Salt and Light Photo: The National Shrine of Our Lady of Aparecida, Brazil
By Sebastian Gomes
World Youth Day Rio is about to begin and everyone is wondering what Pope Francis is going to say and do on his first trip back to South America. Well, last week I may have uncovered a major clue.
A day after our Salt and Light team landed in Rio, I hit the road again with Fr. Tom, Charles Le Bourgeois and our cameraman Dave LeRoss to the famous town of Aparecida. After driving for four hours through the rolling hillside of eastern Brazil, we emerged onto a great plain and all of a sudden saw a magnificent red stone Basilica reaching toward the sky: the National Shrine of Our Lady of Aparecida.
Housed inside the basilica – the second largest basilica in the world behind St. Peter’s – is a two and a half foot clay statue of the Blessed Virgin Mary, known since the 18th
century as Our Lady of Aparecida. The shrine attracts up to ten million pilgrims every year, and that’s even more impressive considering its remote location!
But there’s another story at Aparecida that needs to be told alongside this one. In 2007 the Bishops of Latin America and the Caribbean held their Fifth General Conference at this Marian shrine. The meeting created a lot of buzz because of the religious and cultural backdrop: the Bishops knew that popular Evangelism and growing secularism posed serious challenges to the Latin American Church. But what really caught people’s attention was the presence of Pope Benedict XVI. He had come to participate in the inauguration ceremony, where he shared his thoughts on the current state of the Church and the path going forward.

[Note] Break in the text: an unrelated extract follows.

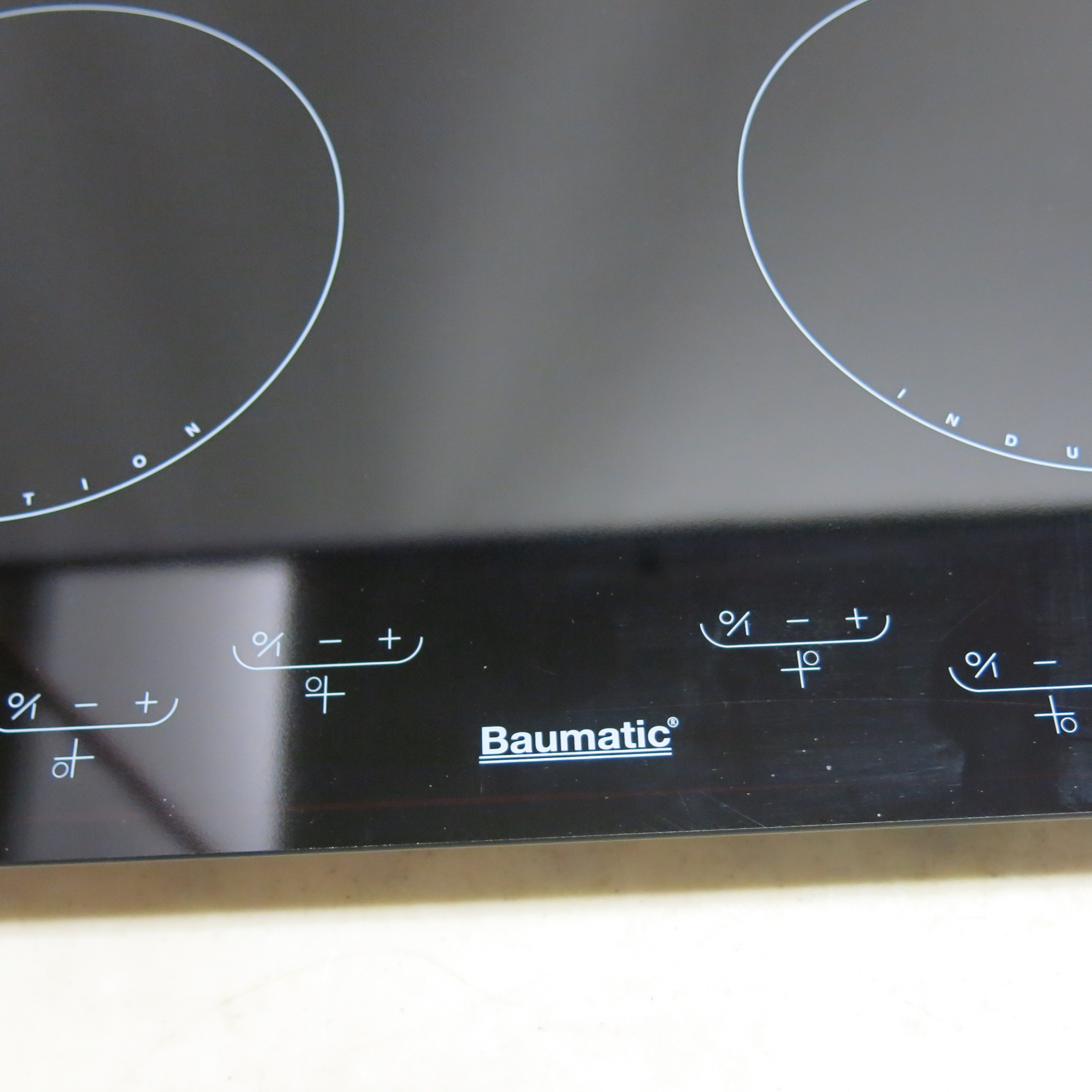 Baumatic Glass 4 Ring Induction Hob, Model BH42/1. Size 58cm x 51cm. New/Ex Display.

The final document that came out of the conference is known as the Aparecida Document, and Benedict’s influence is apparent throughout. But what is also apparent is the influence of another man who participated in the conference, then Cardinal Jorge Mario Bergoglio. In fact, Cardinal Bergoglio was one of the chief architects of the document.
If we continue to connect the dots we see that the pastoral strategy charted in the Aparecida document is being implemented by Bergoglio on the universal level in his ministry as Pope Francis: the importance of a renewed encounter with Jesus for every Christian; the need for Gospel simplicity and humility; a preferential option for the poor; a serious concern for the environment; the necessity of prayer and cultural devotions. All of these elements are, according to the Bishops of Latin America in 2007 and now Pope Francis, essential for evangelization in our world today. And if we want to understand what Francis will say and do in Brazil over the next week, perhaps we should consult the Aparecida Document.
Two final points are worth considering. First, the document stresses the importance of widespread Marian devotion on the continent, which most of us would expect, but should not be underestimated. In paragraph 43, the Bishops state that globalization has created a diversity of individual and individualized cultures in Central and South America. This diversity, the Bishops say, is not a bad thing. But as this phenomenon progresses, what is lacking is, “the possibility of this diversity converging into a synthesis, which, encompassing a variety of meanings, can project it toward a common historic destiny.” Herein lies the great gift of continental devotion to Mary, “which under different names, has been able to merge different Latin American histories into a shared history: one that leads to Christ.” There was good reason why the Bishops met at the National Shrine of Our Lady of Aparecida and not a conference center or hotel.
Second, the document in many ways foreshadowed the 2012 Synod on the New Evangelization. One of the major discoveries at that meeting was the need for self-reflection in a spirit of humility, of looking inward to see how our words and actions affect the credibility of the message in our world today. This kind of open and honest critique was at the heart of Aparecida as well.
The other major theme that connects these two meetings is the encouragement that comes from a renewed encounter with Jesus. There really is no sustainable program or missionary zeal unless each and every Catholic renews his or her faith in Jesus Christ. The Synod said that, Aparecida said that, and that may be why Pope Francis has decided not to publish a post-synodal Apostolic Exhortation on the New Evangelization. In any case, the Aparecida document should not be read and studied exclusively in the context of Latin American Catholicism, but in the context of the New Evangelization in the universal Church as well.